Personal information
- Native name: Conchúr Ó Dúill (Irish)
- Born: 2005 (age 20–21) Clara, County Offaly, Ireland

Sport
- Sport: Hurling
- Position: Left wing-forward

Club
- Years: Club
- 2023-present: Clara

Club titles
- Offaly titles: 0

Inter-county
- Years: County
- 2026-: Offaly

Inter-county titles
- Leinster titles: 0
- All-Irelands: 0
- NHL: 0
- All Stars: 0

= Conor Doyle (hurler) =

Irish hurler

Conor Doyle (born 2005) is an Irish hurler. At club level he plays with Clara and at inter-county level with the Offaly senior hurling team.

==Career==

Doyle played hurling and Gaelic football to a high standard as a student at Ard Scoil Chiaráin Naofa in Clara. He won a Leinster PPS SDFC title in 2023, however, the school faced defeat by St Joseph's Secondary School in the subsequent All-Ireland final. Doyle's performances for the school resulted in his inclusion on the combined Offaly Schools team which also won the Leinster PPS SAHC title in 2023.

After progressing through the juvenile and underage ranks with the Clara club, Doyle made his senior team debut as a dual player in 2023. He won an Offaly SBFC medal in 2023, following Clara's 3-14 to 3-07 win over Ballinagar in the final.

Doyle first appeared on the inter-county for Offaly as a member of the minor team.

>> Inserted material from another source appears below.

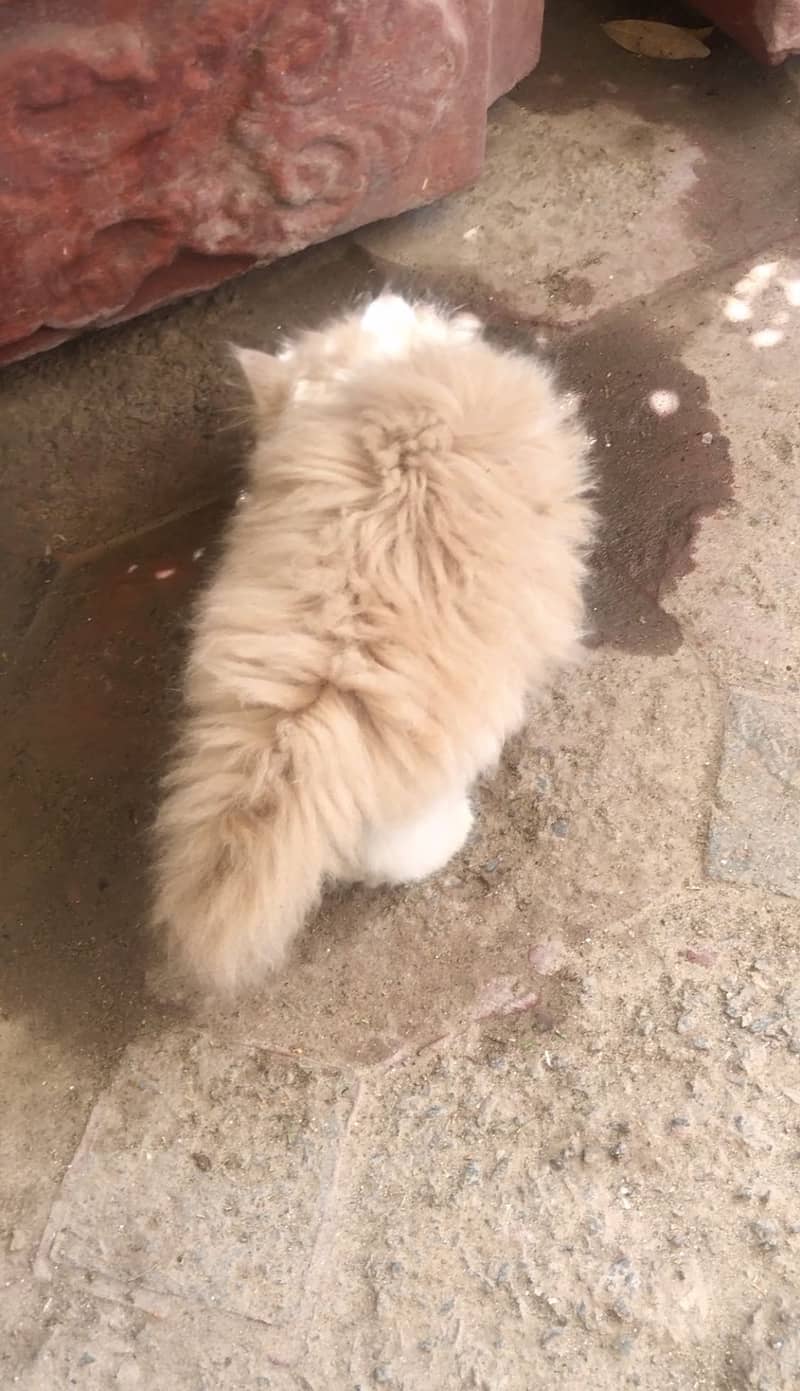 Kitten|rare colours |more tripple coat |fluffy|punch face 2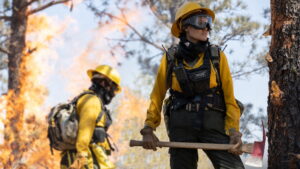 Those Who Wish Me Dead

His last game in the grade was a defeat by Tipperary in the 2022 All-Ireland minor final. Doyle immediately progressed to the under-20 team, however, Offaly lost the 2023 All-Ireland U20HC final to Cork. He was again eligible for the grade the following year and collected a winners' medal after beating Tipperary by 2-20 to 2-14 in the 2024 All-Ireland U20HC final.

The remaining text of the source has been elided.